Hello, Im just starting agility and Im not sure how to train my dog to drive ahead of me. She is happy to leave me if we are working sheep or she chasing a ball. During agility she sticks with me like glue, waiting for commands. It means I cant really send her to do certain obstacles.


Do you have areas of 2-3 acres or more where you can walk your dog off-leash, just informally letting him/her run, sniff and explore? Perhaps unhurried casual walks of that sort would get your agility dog more accustomed to feeling comfortable out-away from his/her handler.

As I recall, we started with one low hurdle in the backyard, gradually increasing distance, using some such command as "out jump", said in a very upbeat voice. Quite early-on in training, began remaining near back door, as I sent her out to a single jump. As dog committed to jump, gave lots of applause (literally), laughter/smiles, and fun-sounding words. Didn't over-do repetitions, just a few, never making it work. Moved the hurdle around the yard, and once she became consistent with one jump, added second one not too far from the first. Seems like I encouraged second jump with another "out jump", or something like that.

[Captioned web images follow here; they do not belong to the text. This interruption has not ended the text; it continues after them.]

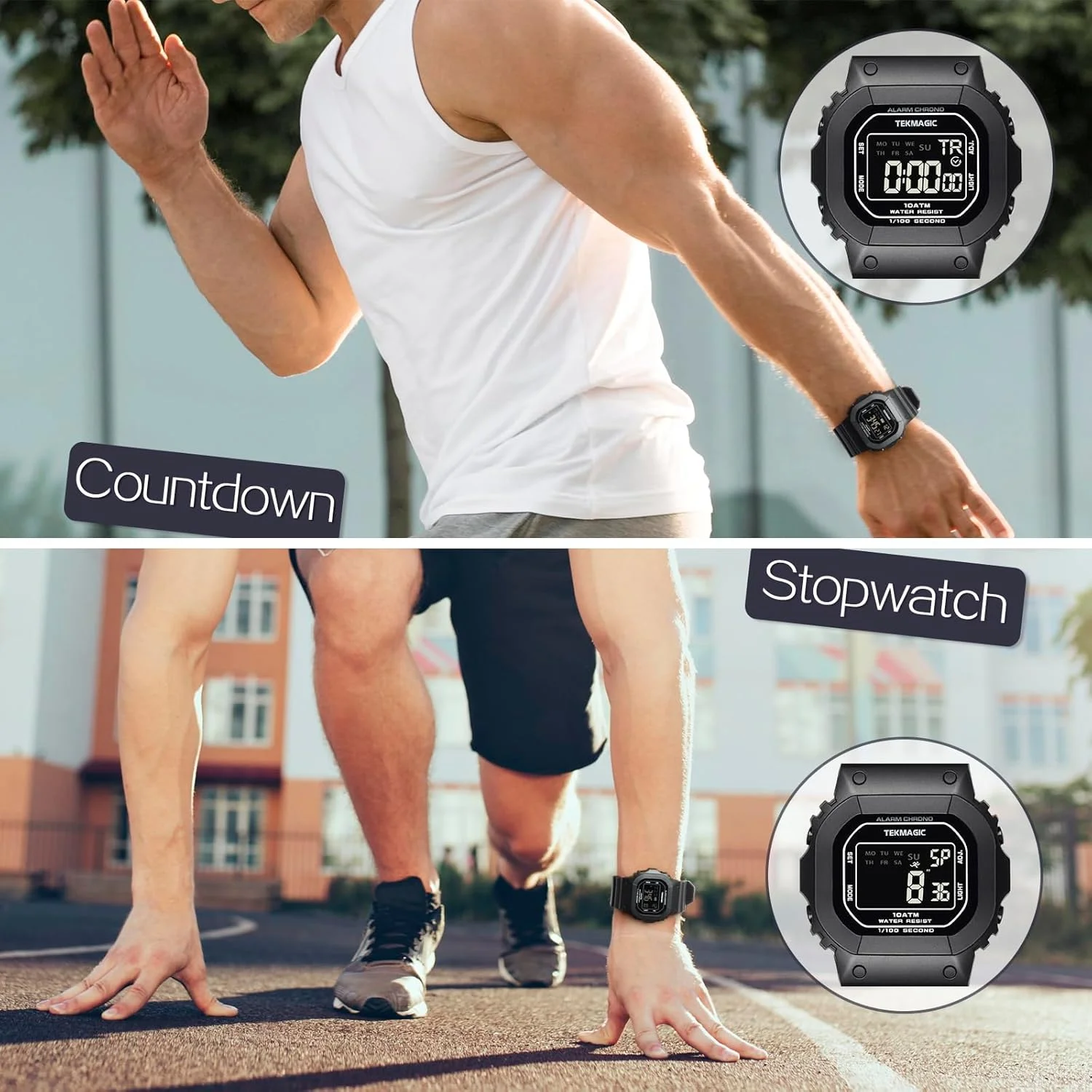 ساعت مچی ورزشی مقاوم در برابر آب تا 10 اتمسفر مناسب شنا و غواصی، با عملکردهای ساعت زنگ دار، کرنومتر، تایمر، شمارش معکوس، زمان دوگانه و تقویم، قابل تغییر بین فرمت 12 و 24 ساعته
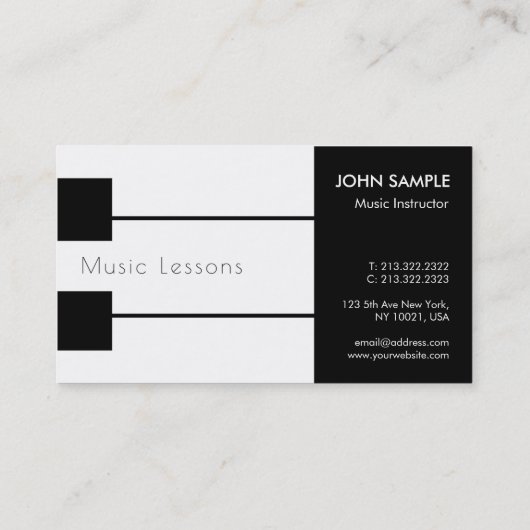 Klavier-Lehrer-Musikunterricht-Lehrer Visitenkarte (Rückseite)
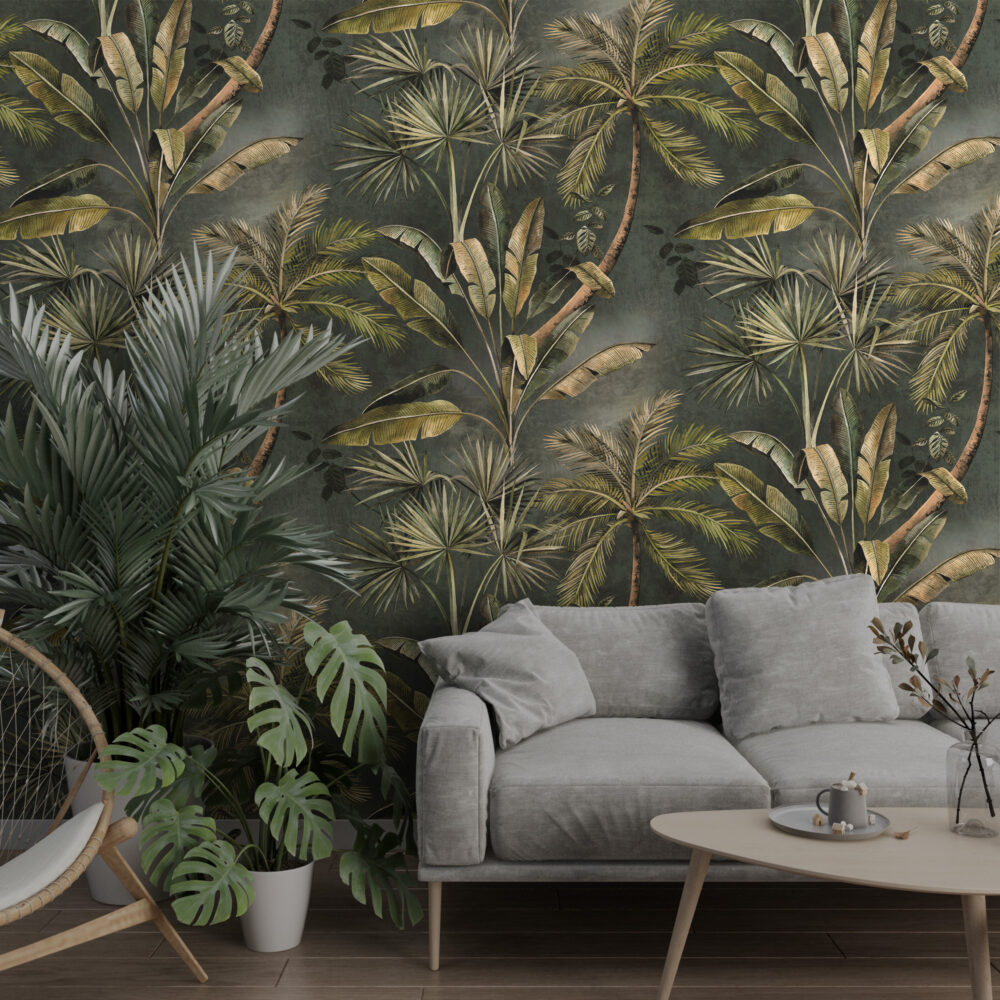 Palm and Banana Leaf Wallpaper : Olive Tropical Pattern Mural - View 2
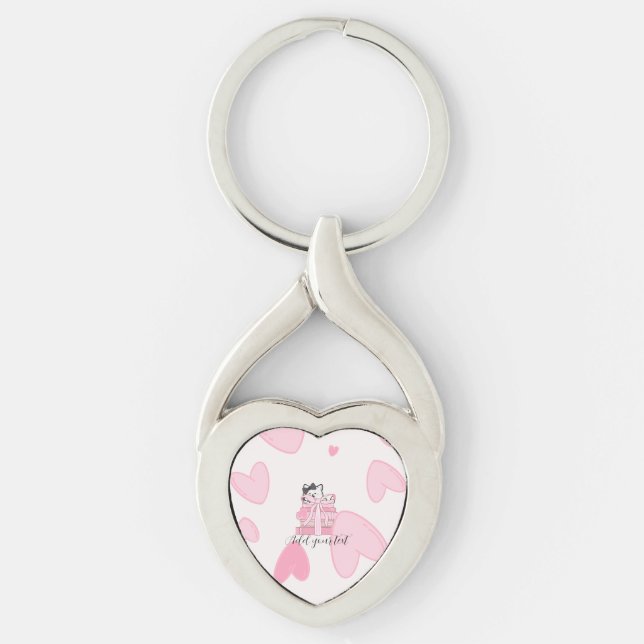 Carry Love & Books – Cat Twisted Heart Keychain (Front)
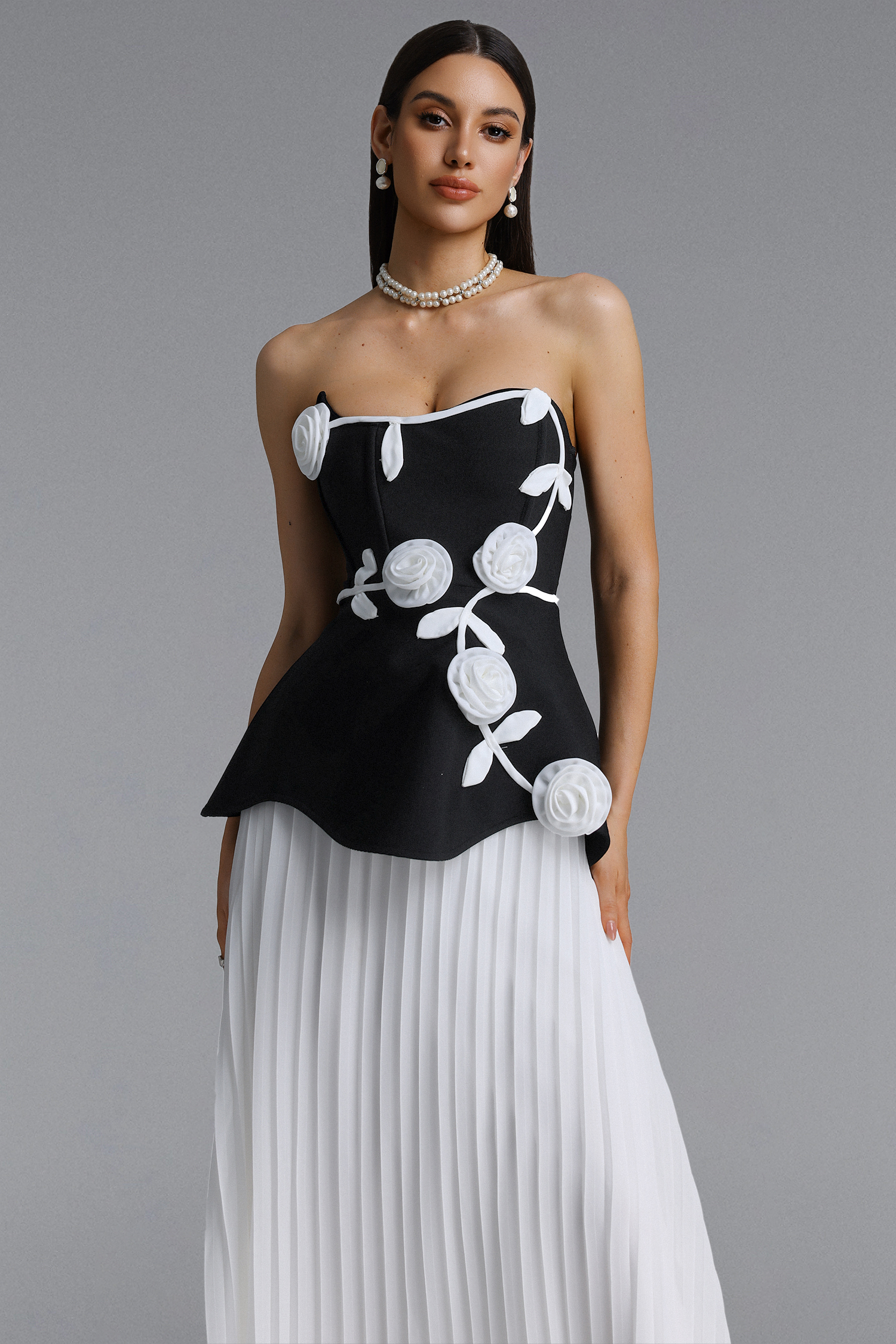 Niavia Elegant Strapless Floral Pleated Bandage Maxi Dress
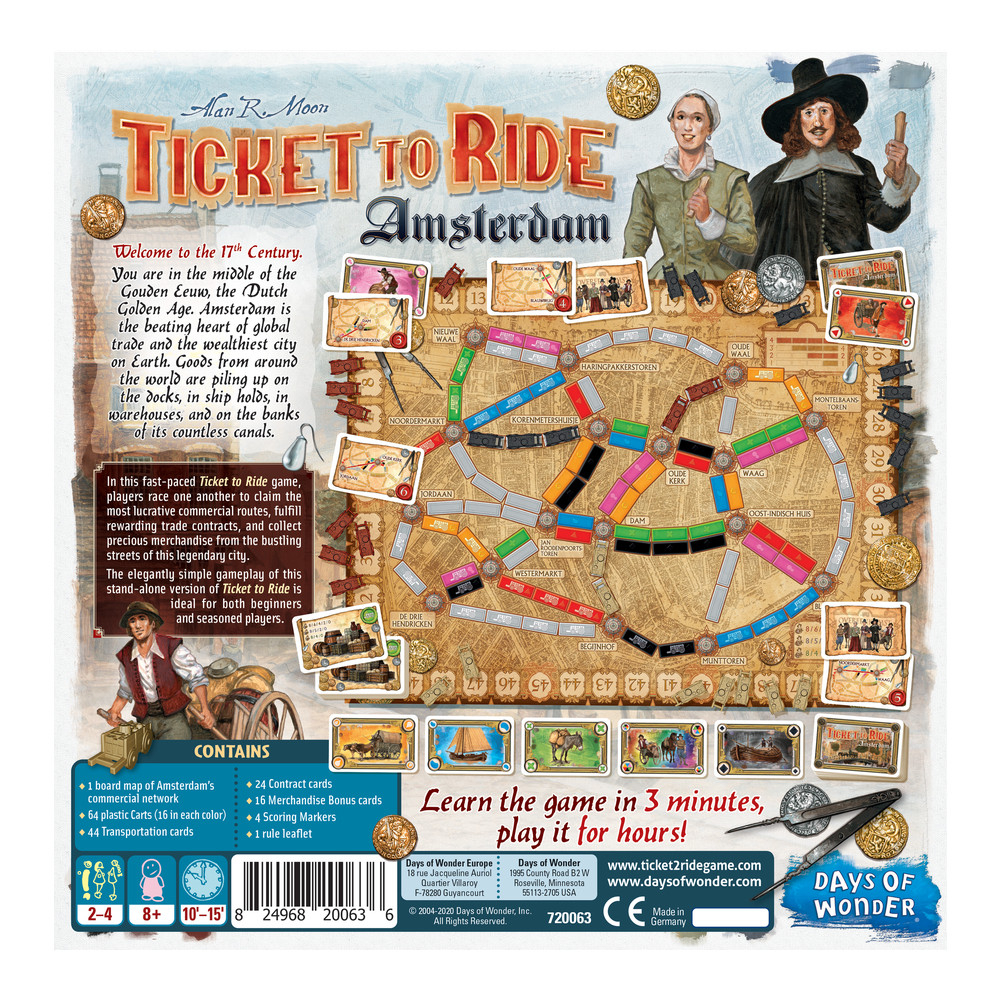 Joc de societate Ticket to Ride Amsterdam, limba engleza varsta 8-9 ani ,9-12 ani ,12-14 ani ,14-18 ani ,18+, Unisex [2]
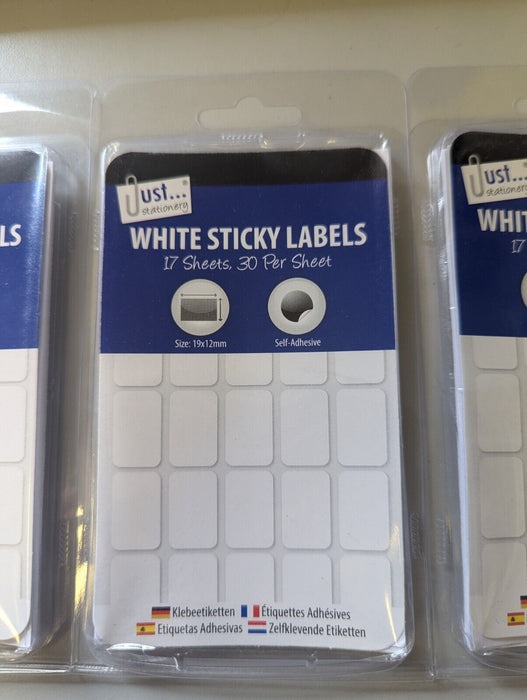 Just Stationery White Sticky Labels 19x12 3 pack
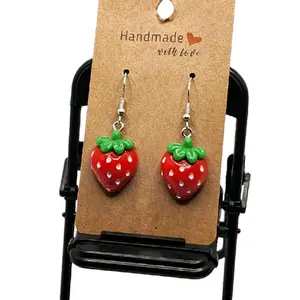 Handmade with Love Intricate Detail Strawberry Earrings Charming Design for Fruit Lovers Lightweight & Secure Backings Perfect Playful Accessory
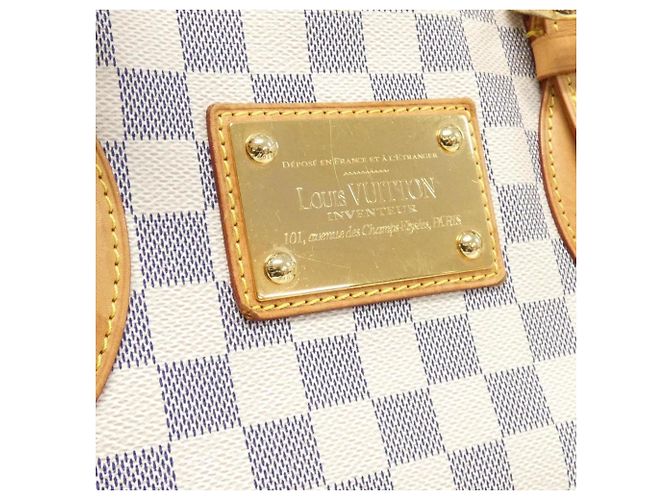 Borsa Hampstead MM Damier Azur di Louis Vuitton Bianco Blu - vista 5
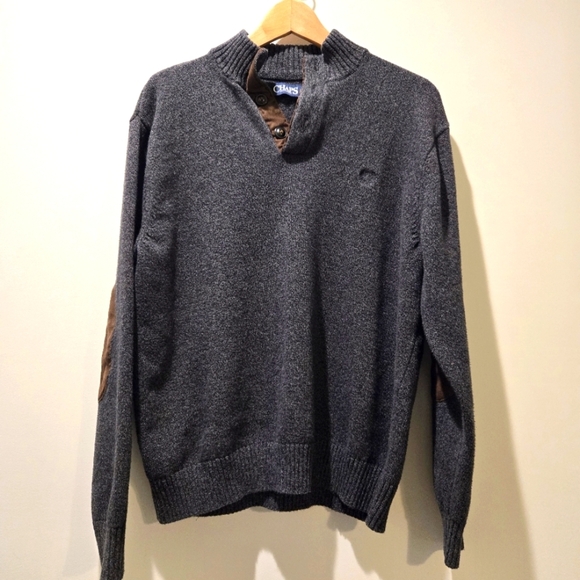 Chaps Men's Cotton Collared Long Sleeve Knit Sweater Gray XL - Picture 1 of 12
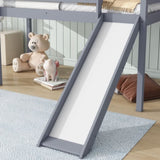 ZUN Twin Low Loft Bed with Slide, Ladder, Safety Guardrails, Rubber Wood Twin Loft Bed,Grey W504P218522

You no doubt see the pattern -- steadily/slowly lengthen distances and add jumps. For us, lots of praise, always retaining the game-like atmosphere, was the key.

Now our walks incorporate reasonable opportunities we encounter, such as: sending her out to a park bench with "out table"; weaving figure-eights through goal posts, with changes of direction on-the-fly; "out jumps" over low fence-lines and streams. Imagination is your only limit.

In your backyard, living room or field, you can add excitement and interest with 3-4 orange construction cones, arranged in various patterns. The dog can be weaved through them with simple commands such as "here" or "out", gradually increasing difficulty and dog-handler distance.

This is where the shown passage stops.